> [DATA BELOW]
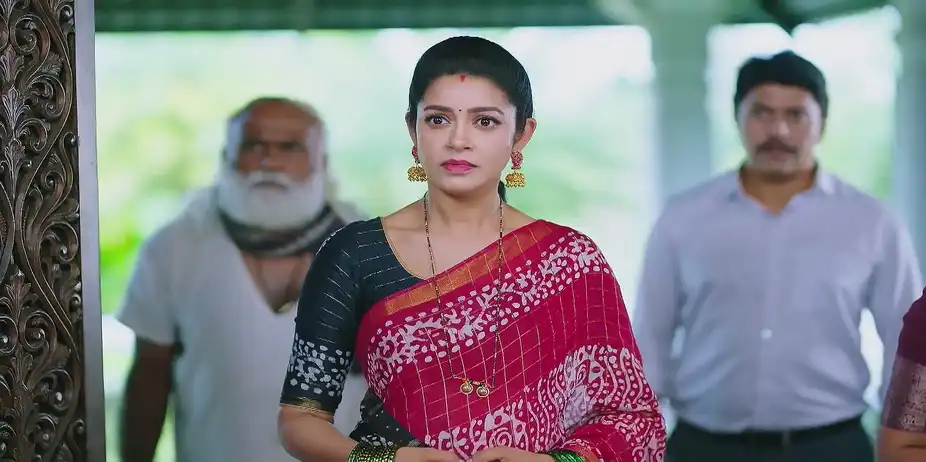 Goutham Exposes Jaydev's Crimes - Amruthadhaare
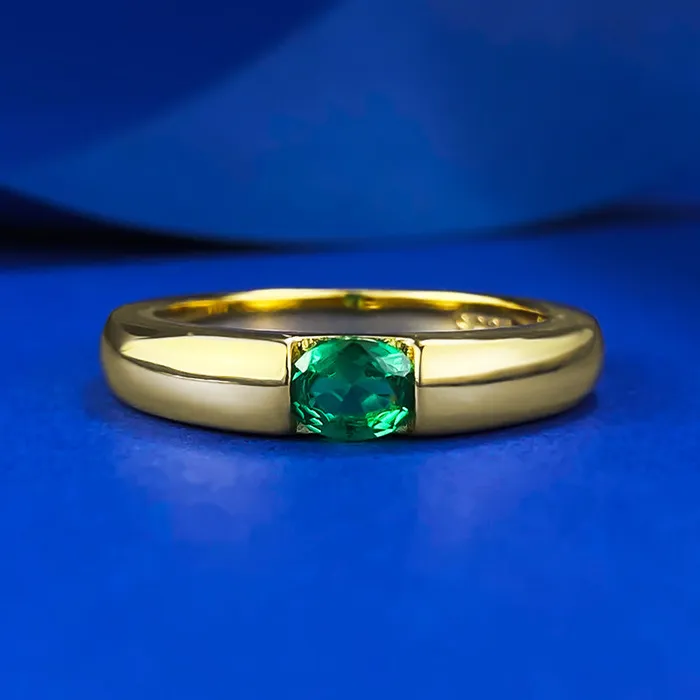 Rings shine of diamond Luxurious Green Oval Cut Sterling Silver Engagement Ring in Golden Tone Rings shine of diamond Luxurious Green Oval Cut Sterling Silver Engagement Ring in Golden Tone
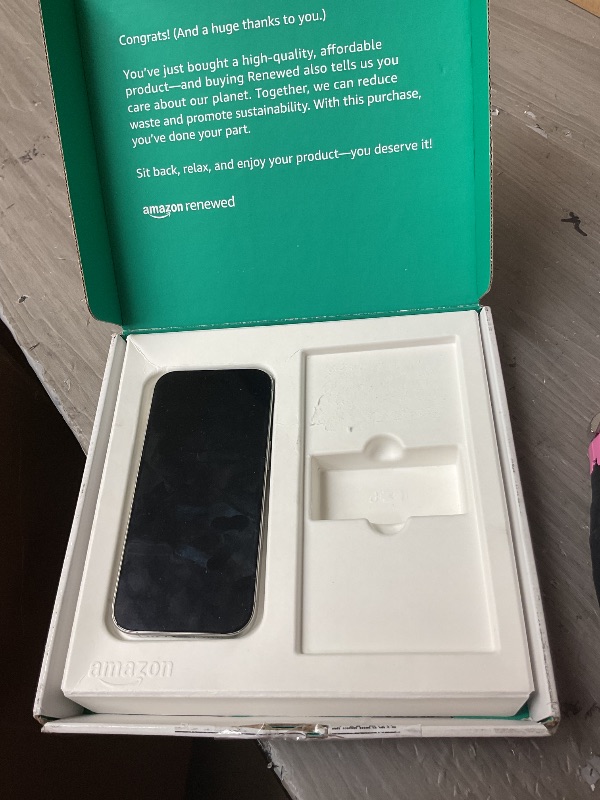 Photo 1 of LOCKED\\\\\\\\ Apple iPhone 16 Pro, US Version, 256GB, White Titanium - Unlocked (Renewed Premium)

> [PROMPT] Give back the data exactly, with no images.

> [COMPLETED TASK]
 Goutham Exposes Jaydev's Crimes - Amruthadhaare
 Rings shine of diamond Luxurious Green Oval Cut Sterling Silver Engagement Ring in Golden Tone Rings shine of diamond Luxurious Green Oval Cut Sterling Silver Engagement Ring in Golden Tone
 Photo 1 of LOCKED\\\\\\\\ Apple iPhone 16 Pro, US Version, 256GB, White Titanium - Unlocked (Renewed Premium)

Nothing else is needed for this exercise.